Лишь позже, спустя сотни и тысячи лет, у более сознательного человечества присоединилась к простому, неосознанному желанию индивидуальная потребность познать свое «я», истолковать себя ради самопознания: короче говоря, стремление к самосозерцанию. Когда человек, по превосходному изречению Августина, становится вопросом для самого себя и начинает искать ответа, которым он может быть обязан себе и только себе, он, для более ясного, более наглядного познания, развертывает перед собой свой жизненный путь, как карту. Не другим хочет он себя разъяснить, а прежде всего себе самому; здесь начинается раздвоение пути (и в наши дни заметное в каждой автобиографии) между изображением жизни или переживаний для других и для себя, объективно внешней и субъективно внутренней автобиографией – вестью другим и вестью себе. Одна группа тяготеет к гласности, и формулой для нее становится исповедь, – исповедь в церкви или в книге; другая – предпочитает монологи и удовлетворяется дневником. Лишь действительно сложные натуры, подобные Гёте, Стендалю, Толстому, решились здесь на полный синтез и увековечили себя в обеих формах.

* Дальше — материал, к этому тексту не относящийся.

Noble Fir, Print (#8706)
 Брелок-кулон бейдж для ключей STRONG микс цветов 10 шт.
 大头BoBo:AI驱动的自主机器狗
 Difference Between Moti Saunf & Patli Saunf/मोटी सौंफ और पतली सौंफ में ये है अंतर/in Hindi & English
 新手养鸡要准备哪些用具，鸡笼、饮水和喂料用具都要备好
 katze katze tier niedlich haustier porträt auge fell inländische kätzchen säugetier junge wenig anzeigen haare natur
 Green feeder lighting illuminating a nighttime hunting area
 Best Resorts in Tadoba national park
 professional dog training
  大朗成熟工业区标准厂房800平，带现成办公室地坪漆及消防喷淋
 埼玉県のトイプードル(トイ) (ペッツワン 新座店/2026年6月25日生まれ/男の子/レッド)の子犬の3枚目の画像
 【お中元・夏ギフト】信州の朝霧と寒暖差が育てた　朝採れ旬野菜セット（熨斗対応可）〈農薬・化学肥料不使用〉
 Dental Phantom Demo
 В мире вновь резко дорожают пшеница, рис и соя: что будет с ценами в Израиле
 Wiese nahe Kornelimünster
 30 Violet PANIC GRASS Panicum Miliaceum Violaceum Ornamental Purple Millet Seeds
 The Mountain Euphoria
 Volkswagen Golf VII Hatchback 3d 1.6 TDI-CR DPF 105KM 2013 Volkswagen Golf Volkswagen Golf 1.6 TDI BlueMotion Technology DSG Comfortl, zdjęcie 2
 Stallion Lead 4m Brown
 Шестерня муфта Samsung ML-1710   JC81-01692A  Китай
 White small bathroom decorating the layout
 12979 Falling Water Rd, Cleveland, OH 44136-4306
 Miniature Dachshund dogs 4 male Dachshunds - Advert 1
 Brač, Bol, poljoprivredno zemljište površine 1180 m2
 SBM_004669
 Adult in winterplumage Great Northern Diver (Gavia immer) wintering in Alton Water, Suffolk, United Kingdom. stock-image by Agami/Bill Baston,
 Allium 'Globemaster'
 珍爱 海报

Самосозерцание – лишь подготовительный, пока еще не возбуждающий сомнений шаг: всякой истине легко оставаться правдивой, пока она принадлежит себе. Лишь приступив к ее передаче, начинает художник терзаться; тогда только каждому самоизобразителю нужен настоящий героизм правдивости. Наряду с исконным непреоборимым стремлением к общению, заставляющим нас братски делиться неповторимостью нашей личности, в человеке живет и обратное побуждение – столь же стихийное стремление к сохранению себя, к умалчиванию о себе; оно является продуктом стыда. Как женщина, побуждаемая волнением крови и уже готовая отдаться мужчине телом, в то же время, под действием бодрствующего инстинкта противоположного чувства, хочет уберечь себя, – так в области духовной желание исповедаться, довериться миру борется со стыдливостью души, советующей нам умолчать о сокровенном. Самый тщеславный (и, главным образом, он) не ощущает себя совершенным, каким он хотел бы казаться перед другими; поэтому он хочет похоронить с собой свои некрасивые тайны, недостатки и свою мелочность, вместе с тем лелея желание, чтобы образ его жил среди людей. Стыд, таким образом, является вечным врагом искренней автобиографии; он льстиво старается соблазнить нас, представить себя не такими, как мы есть, а какими мы хотели бы казаться. Коварством и кошачьими уловками он соблазнит честно стремящегося к искреннему признанию художника скрыть самое интимное, затушевать самое опасное, прикрыть самое тайное; бессознательно он учит созидающую руку опустить или лживо разукрасить обезображивающие мелочи (самые существенные в психологическом отношении!), ловким распределением света и тени – ретушировать характерные черты, превратив их в идеальные. И кто по слабости воли уступит его льстивому настоянию, тот придет не к самоизображению, а к самоапофеозу или самообороне. Поэтому каждая честная автобиография вместо простого и беззаботного повествования требует постоянной настороженности перед возможным нападением тщеславия, упорной защиты от неудержимого стремления земной природы оправдать себя в изображении пред лицом мира; тут, кроме честности художника, нужно еще особенное, встречающееся у одного среди миллионов мужество, ибо никто не может проконтролировать и дать очную ставку правдивости собственного «я»; свидетель и судья, обвинитель и защитник соединяются в одном лице.